Muchas de las interpretaciones provienen de las supersticiones populares, como por ejemplo:
Si sueñas que muere un hijo, es de buen augurio. Quiere decir que podrás evitar una desgracia. Si por el contrario la fallecida es una hija, es un mal presagio sobre un disgusto muy grande que será inevitable.
Si estás comiendo con un muerto, o sueñas con un muerto mientras gozas de buena salud, se supone que te estáis alargando la vida. Tropezarse con alguien que ya ha fallecido representa una buena entrada de dinero. Si en el sueño los muertos salen de sus tumbas, es todo lo contrario, así como soñar con el fallecimiento de la pareja es representación de la ruina de un negocio.
Aunque parezca que todas estas interpretaciones no tienen más bases que la tradición, muchas de ellas tienen un lógico pie psicológico relacionado con la idea que tenemos de la muerte, y de las personas que han fallecido. Por ejemplo, si sueñas con tus padres resucitados, es un buen augurio de tiempos de felicidad. En efecto, los padres representan la juventud, la despreocupación, y las épocas de mayor felicidad.
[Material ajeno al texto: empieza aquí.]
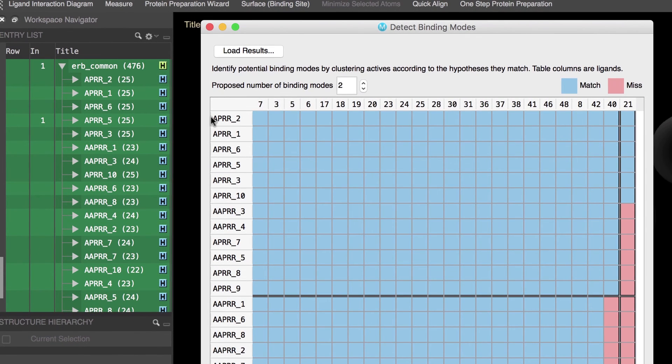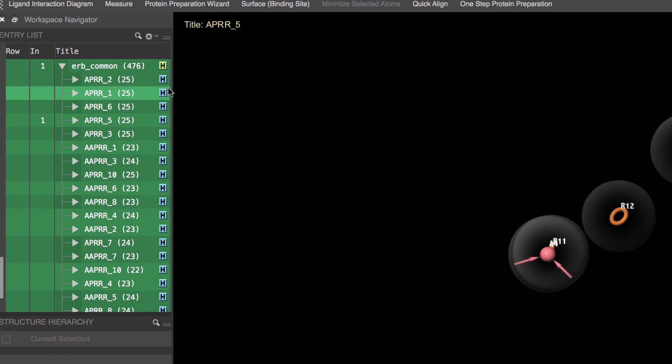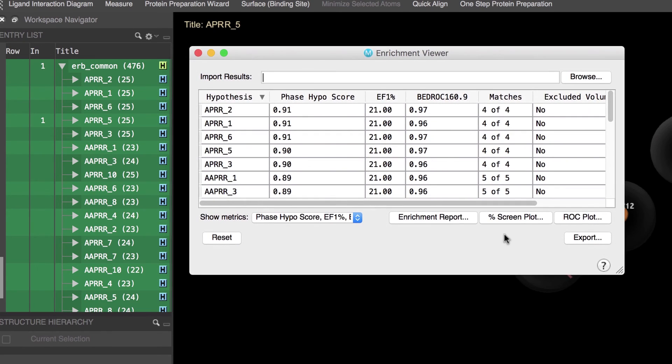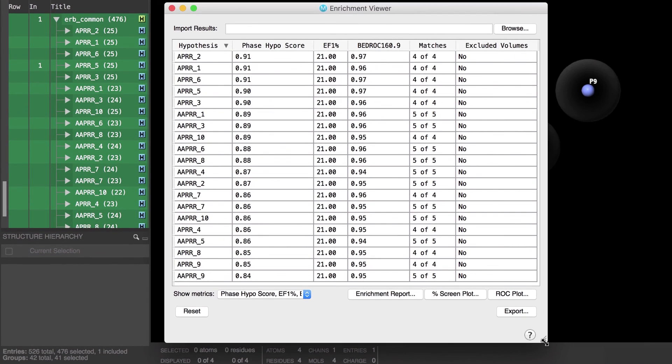Also since the phase hypo score was used for rank ordering the hypotheses during the pharmacophore perception process we can use the enrichment viewer to analyze the enrichment performance and gauge how well a given hypothesis did at retrieving the actives against the glide decoy set.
Soñar que ellos resucitan, es soñar que uno vuelve en su psicología a la despreocupación, y por lo tanto uno se levantará predispuesto a la felicidad.
De esa misma manera, sabemos que para las personas mayores de edad, soñar con la muerte es algo positivo psicológicamente ya que los prepara y los tranquiliza, empezando a asumir ese proceso como algo natural.
Soñar con un ser querido que ha fallecido, es la manifestación de haber encontrado un punto en particular que une a las dos vidas. Algo estamos haciendo igual que esa persona que ya no está, y nuestro subconciente nos lo recuerda en sueños. Algunos autores también sugieren que puede representar algo que nos falta, y que esta persona fallecida representa.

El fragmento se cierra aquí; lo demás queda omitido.